178. Song No. 2,631: “Does He Love You?,” Rilo Kiley
More Adventurous, 2004
Oooohhhhh, this song.
This is my hands-down favorite Rilo Kiley album. There is so much to love about every album they put out but something about the raw, painstakingly reproduced emotions tumbling through this one juxtaposed with its lush, sultry springtime atmosphere just gives me everything I want from one expansively satisfying collection of songs.
“Does He Love You?” was one of the standouts from the beginning, though it’s gotten messy personal significance smeared all over it through the years. What started out as a confused tangle of college mistakes leading to a pointlessly broken heart and wounded ego that these lyrics about laying yourself bare in every sense of the term hit way too close to eventually got all churned through by wave after wave of realizing way too late that I doled out more than my fair share of false hopes and misguided connections while going through the inherently chaotic process of figuring my shit out.
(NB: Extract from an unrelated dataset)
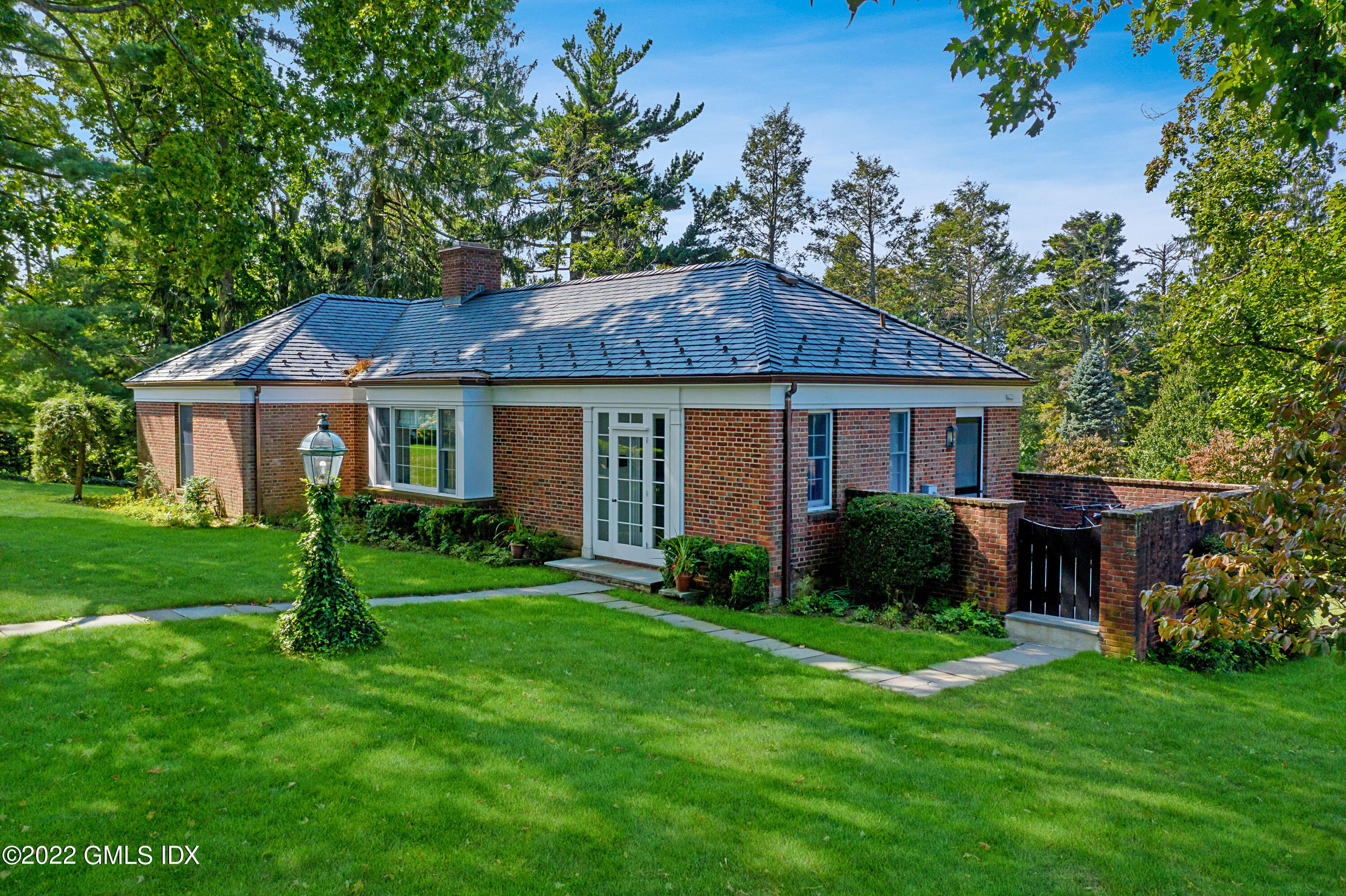 a front view of a house with a yard and green space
Like, if we’re being totally honest here, I had no business venturing long-term monogamy until about a year after my husband and I had been dating. I had no idea that being so careless with my own heart banged up so many innocent bystanders in the process.
It is so easy to give your heart and your time to someone who deserves neither. It’s fucking intoxicating when someone who has made it abundantly clear in some inexplicably charming way that you don’t even crack the list of their top five priorities suddenly finds the time for you because everything is on their terms and the rarity of their summons is such a thrill that your surging dopamine handily eclipses both your better judgment and sense of self worth and then, whoops, you’re already well on your way to heeding their call before you start hating yourself and wondering just what the fuck you’re doing.
The other side, of course, is short-term euphoria and reveling in the immediate gratification of someone always primed and waiting for you to be ready for them rising up to meet long-term guilt and self-loathing that would be (and, eventually, will be) untenable if you could just be honest about what a terrible and unintentionally cruel situation you’ve created. Either way, it’s such an powerfully fraught emotional hell that is impossible to extract yourself from even if you can admit that there’s no reward and no ending but heartache.
Jenny Lewis, a powerhouse songstress under ordinary circumstances, packs years of broken resolve, too many one more last times, and the interlocking battle of wills between adrenaline and anxiety that drive these electric but always ill-fated power imbalances into the howling final crescendo of “And your husband will never leave you / He will never leave you for me” that serves as the song’s parting blow. It’s an admission and epiphany all rolled into one agonized, brutalized and utterly exhausted cry of defeat that knows damn well this charade, for all its irresistible pull, should have been declared dead on the table ages ago.